The Apple versus Adobe battle has hotted up after the iPhone maker banned Flash from its products.
One Adobe employee isn't taking Apple's latest snub lightly, telling the iPhone firm: "Go screw yourself."
Writing purely in a personal capacity on the official Flash blog, platform evangelist Lee Brimelow was responding to Apple's recent move to block the Adobe software from its iPhone and iPad.
"What they are saying is that they won’t allow applications onto their marketplace solely because of what language was originally used to create them," he wrote. "This is a frightening move that has no rational defense other than wanting tyrannical control over developers and more importantly, wanting to use developers as pawns in their crusade against Adobe."
Brimelow claimed that even Apple developers had to disagree with the move. "Any real developer would not in good conscience be able to support this," he said. "The trouble is that we will never hear their discontent because Apple employees are forbidden from blogging, posting to social networks, or other things that we at companies with an open culture take for granted."
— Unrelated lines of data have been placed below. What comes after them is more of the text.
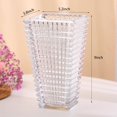 thumbnail image 2 of Crystal Glass Vase,Square Block Flower Vase Decor for Home Dining Table Living Room Centerpiece,Handmade Decorative Flower Vase, 2 of 5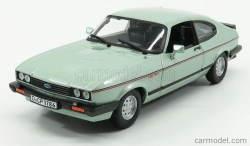 Bburago Ford england Capri Injection 1982 1:24 svetlozelená met
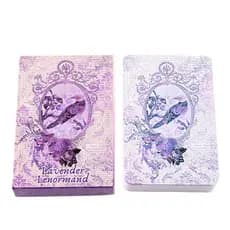 Lavanda Lenormand Oracle Cards Jogos De Entretenimento De Lazer Para Reuniões Familiares 39 Folhas aopoimy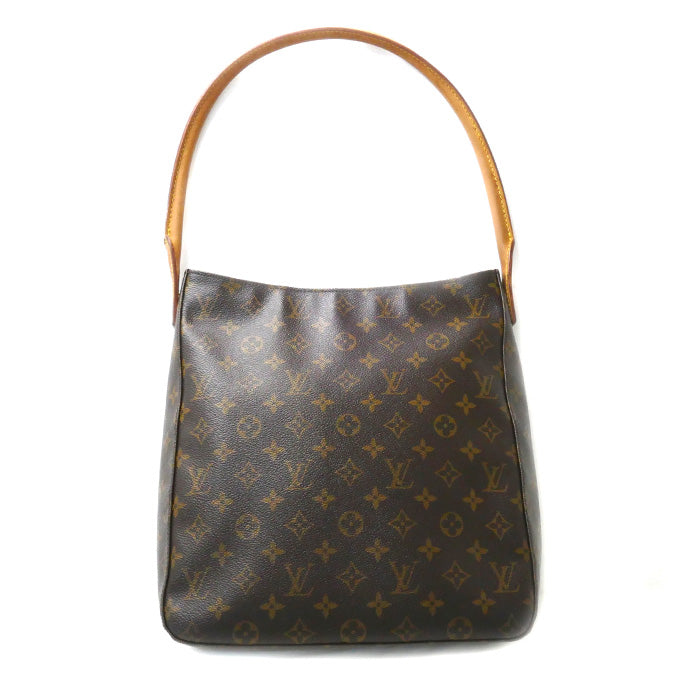 LOUIS VUITTON ルイ・ヴィトン ルーピング ショルダーバッグ モノグラム ブラウン M51145 DU0022 レディース【中古】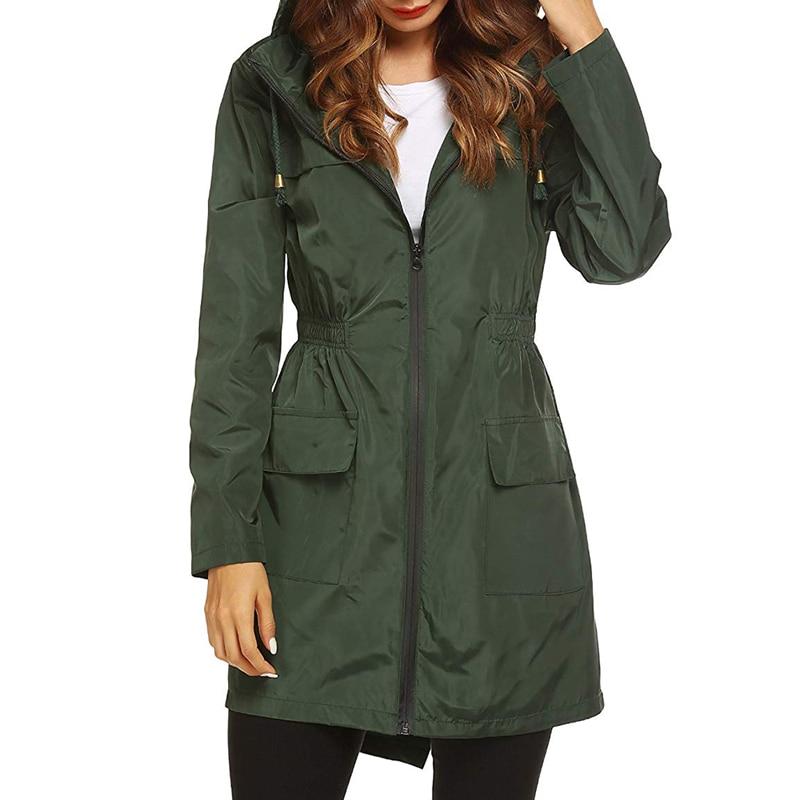 R&B | Leichte Regenjacke für Damen mit Kapuze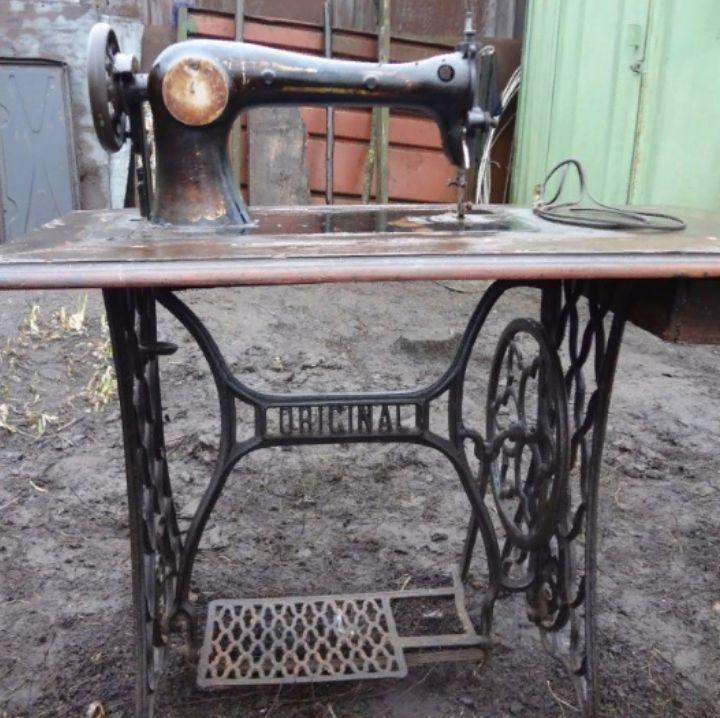 Швейная машинка Kohler + станина  (производство 1900-1914г, Германия)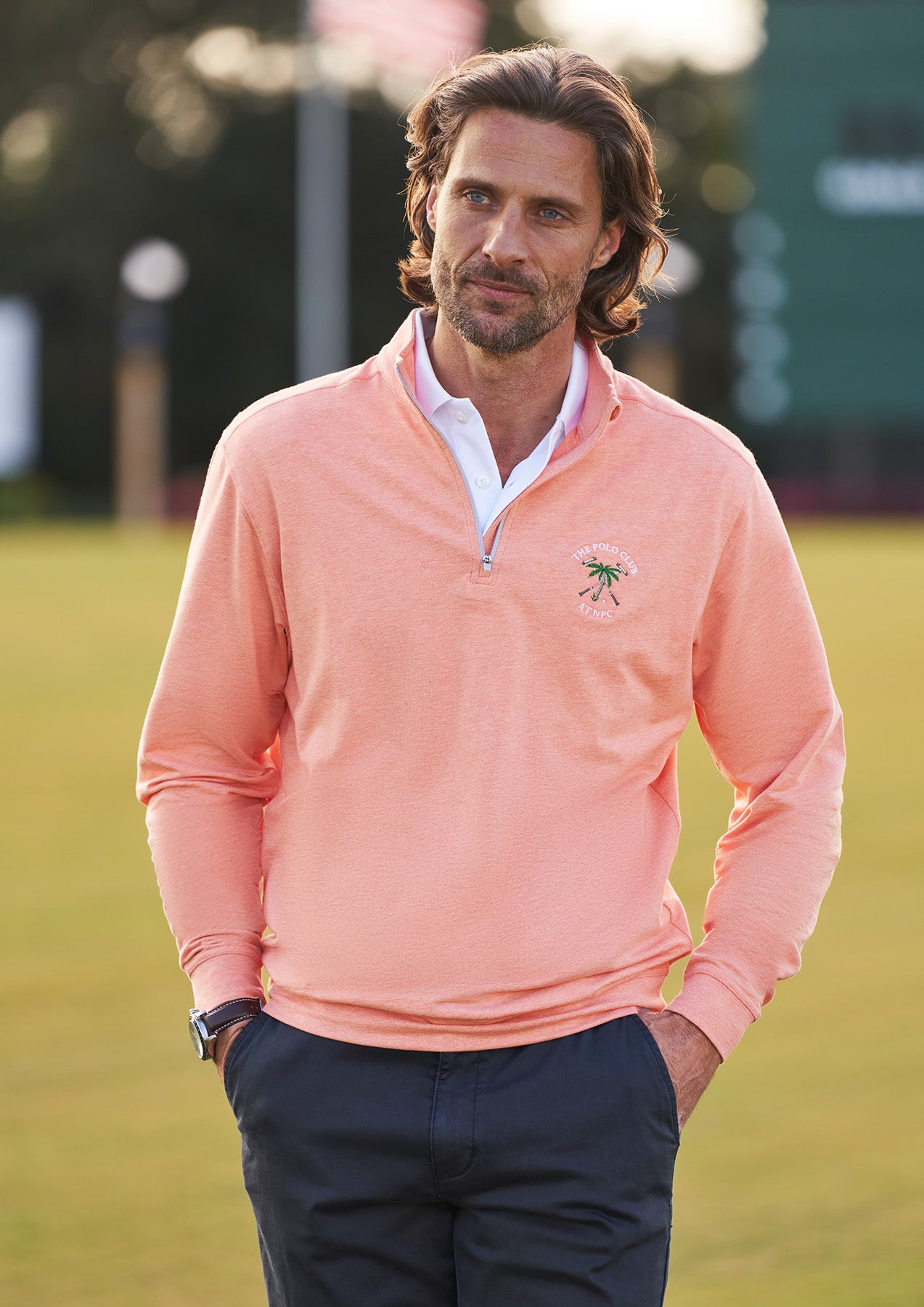 Men's Quarter Zip Pullover Sunset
Despite his evident anger, Brimelow noted that Apple and Adobe have helped each other get where they both are today, and said his firm's desire to move Flash onto the Apple platform had nothing to do with killing off another system.
He also noted that Adobe was not planning to pull its Creative Suite from the Mac platform, saying "this is something that Adobe would never consider in a million years."
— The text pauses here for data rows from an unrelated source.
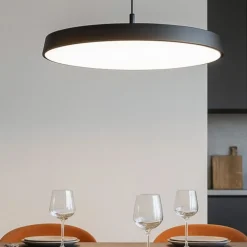 Lampadari Cucina-IsyLuce Lampadario urban nero per cucina led 39w dimmerabile
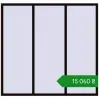Ціноутворення Вікна 2100x2000 мм REHAU Euro 60 BLACK_BROWN з двох сторін. Ціна: ₴15,059.76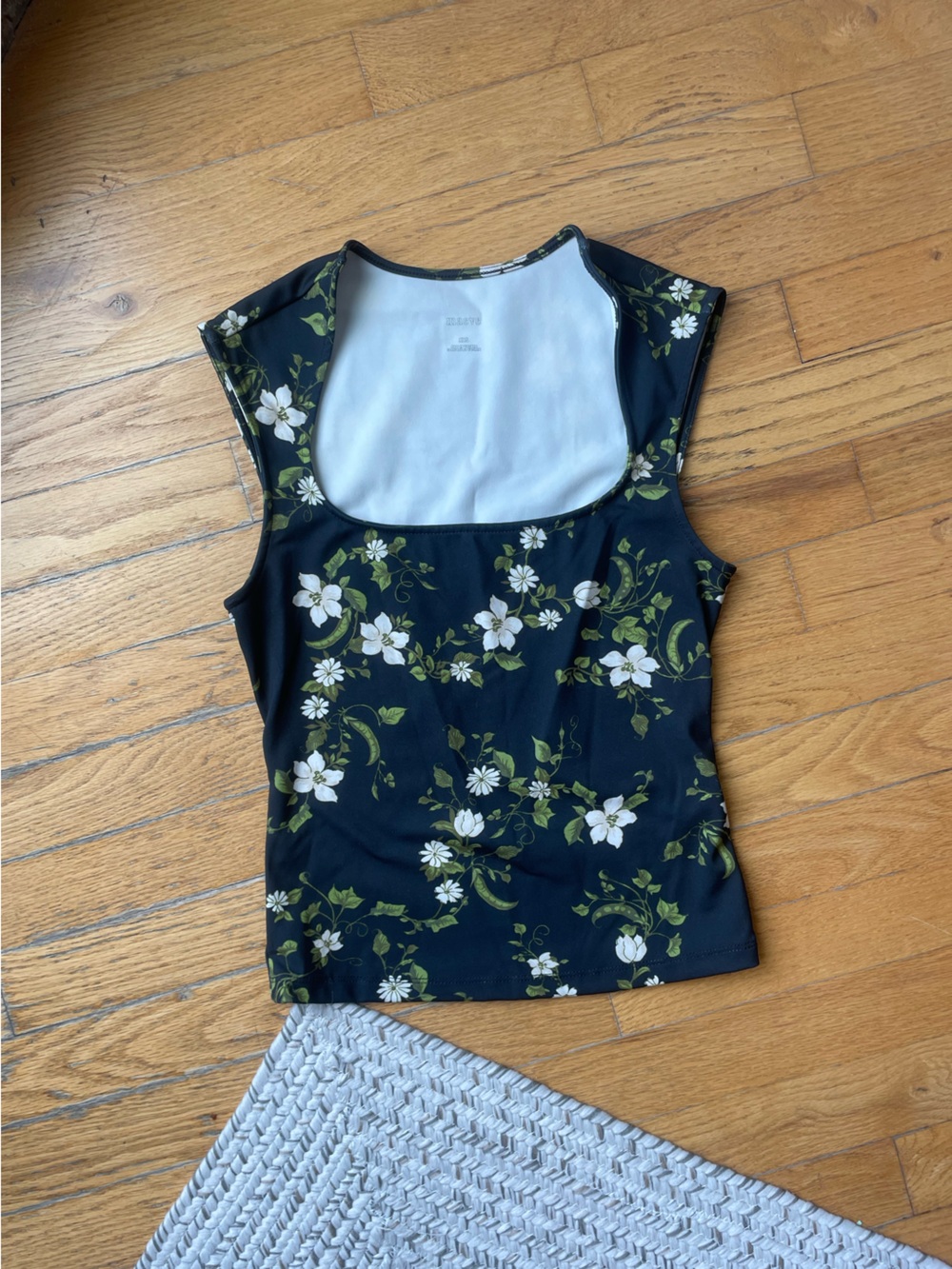 Floral Print Cap Sleeve Tank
Brimelow said he personally wouldn't spend "another cent" on Apple until the leadership changes, but said he's not trying to organise a boycott.
"Me deciding not to give money to Apple is not going to do anything to their bottom line. But this is equivalent to me walking into Macy’s to buy a new wallet and the salesperson spits in my face," he explained. "Chances are I won’t be buying my wallets at Macy’s anymore, no matter how much I like them."
In case that all wasn't clear enough, he ended with: "Go screw yourself Apple."
Brimelow clearly wasn't looking for any response from the usually vocal Apple supporters, adding: "Comments disabled as I’m not interested in hearing from the Cupertino Comment SPAM bots."